Bild: Sie sind glücklich: Sie haben sogar einen Sitz-Platz in einer Kita
Die Pressemitteilung des Bezirksamts Friedrichshain-Kreuzberg klingt
drastisch: „Unterstützung bei Kitaplatzsuche durch Jugendamt momentan ohne
Erfolg“, hieß es vergangene Woche. Grünen-Bezirksbürgermeisterin Monika
Herrmann ließ sich mit dem Satz zitieren: „Insbesondere wegen des immensen
Fachkräftemangels können Kitas im Bezirk derzeit keine weiteren Kinder
aufnehmen.“ Man arbeite gemeinsam mit dem Senat und Kitaträgern an „zeitnah
umsetzbaren Lösungsansätzen“.
Ruft da jetzt also der erste Bezirk den Notstand aus, weil der
ErzieherInnenmangel nun auch zu einem tatsächlichen Platzmangel führt? In
der Senatsverwaltung für Jugend und Familie gibt man sich weiter entspannt
und bemüht die Statistik: Exakt 3.119 freie Plätze habe man am Stichtag 31.
März gezählt, bei vorhandenem Personal, wohlgemerkt. 299 Plätze davon lägen
in Friedrichshain-Kreuzberg, sagt die Sprecherin von Jugendsenatorin Sandra
Scheeres (SPD), Iris Brennberger. Man wundere sich also ein wenig und habe
dem Jugendamt Personalmittel angeboten, um die Vermittlungsarbeit im Bezirk
wieder erfolgreicher zu gestalten.
## Anfahrt bis zu 30 Minuten
Den Hilferuf aus Friedrichshain-Kreuzberg muss man trotzdem ernst nehmen.

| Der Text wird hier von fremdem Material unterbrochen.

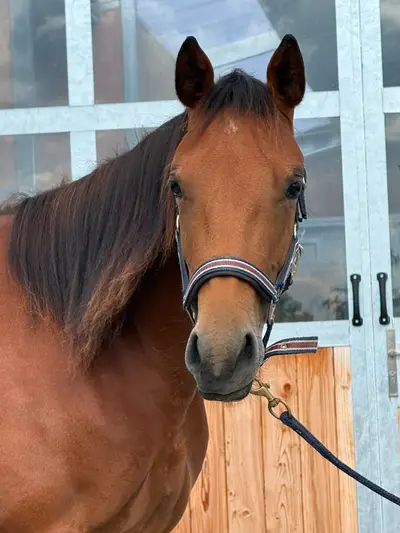 Bildschöne AQHA/APHA Stute mit erstklassiger Reining-Abstamm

Denn das Problem ist: Sehr wenige freie Plätze – der Puffer beträgt in
Berlin lediglich noch drei Prozent – sind so gut wie keine Plätze. Weil
Eltern gewisse Bedürfnisse haben: Sie wollen nicht bloß die letzte Kita,
die noch Plätze frei hat, sondern eine, die gefällt. Und wer im südlichen
Kreuzberg wohnt, hat nichts davon, wenn er sein Kind ins nördliche
Friedrichshain bis fast nach Pankow karren muss – auch wenn die gesetzliche
Regelung Eltern und Kindern einen Fahrtweg von 30 Minuten pro Strecke mit
öffentlichen Verkehrsmitteln oder dem Auto zumutet.

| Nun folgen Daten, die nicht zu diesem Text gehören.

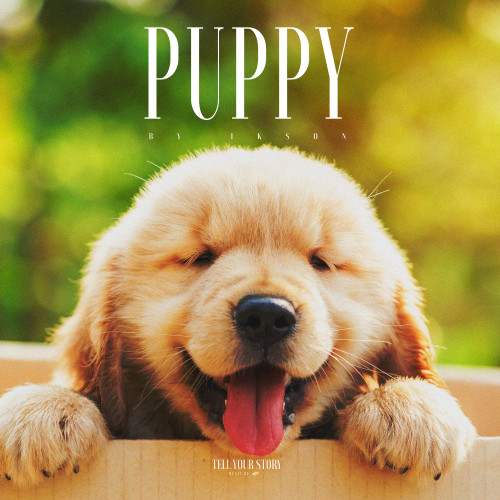 Puppy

Eltern-Klagen, wie sie Torsten Wischnewski-Ruschin, Kita-Referent beim
Paritätischen Wohlfahrtsverband – Dachverband vieler freier Träger – auf
die Verwaltung zukommen sieht, dürften also kaum aussichtsreich sein.

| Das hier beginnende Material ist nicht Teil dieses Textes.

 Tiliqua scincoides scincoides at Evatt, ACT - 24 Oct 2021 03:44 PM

Besser macht das die Situation für die Eltern indes nicht. Auch in anderen
Bezirken ist man zunehmend frustriert, weil man zwar durchaus noch Plätze
in den Kitas hat – aber keine ErzieherInnen. 70 ErzieherInnen fehlten
allein in den Kitas des Landesbetriebs SüdOst, sagt der Neuköllner
Jugendstadtrat Falko Liecke (CDU). „Das sind 600 Plätze, die man belegen
könnte, ohne eine Kita zu bauen.“ Wie groß das Defizit insgesamt im Bezirk
ist, zeigt die Maßnahmenplanung der Träger: Bis Ende 2019 wollen sie 1.400
Betreuungsplätze schaffen. Der von der Senatsjugendverwaltung
prognostizierte Platzbedarf liegt aber bei rund 3.100 Plätzen bis Mitte
2020.
„Der Fachkräftemangel ist die größte Herausforderung“, sagt auch Mareen
Kirste, Sprecherin bei den Kindergärten NordOst, dem größten der fünf
Eigenbetriebe des Landes mit 9.800 Plätzen in Pankow, Lichtenberg und
Marzahn-Hellersdorf. „Aktuell haben wir 75 offene Erzieherstellen.“
Die Zahl der Kita-Kinder wird in den nächsten Jahren, durch Zuzüge, eine
steigende Geburtenrate und die Flüchtlingskinder noch wachsen: Die
Bevölkerungsprognose des Senats rechnet bis 2020 mit zusätzlichen 19.000
Kindern im Alter von Null bis 7 Jahren. Insbesondere die Bezirke Neukölln,
Treptow-Köpenick, Mitte und Reinickendorf werden betroffen sein.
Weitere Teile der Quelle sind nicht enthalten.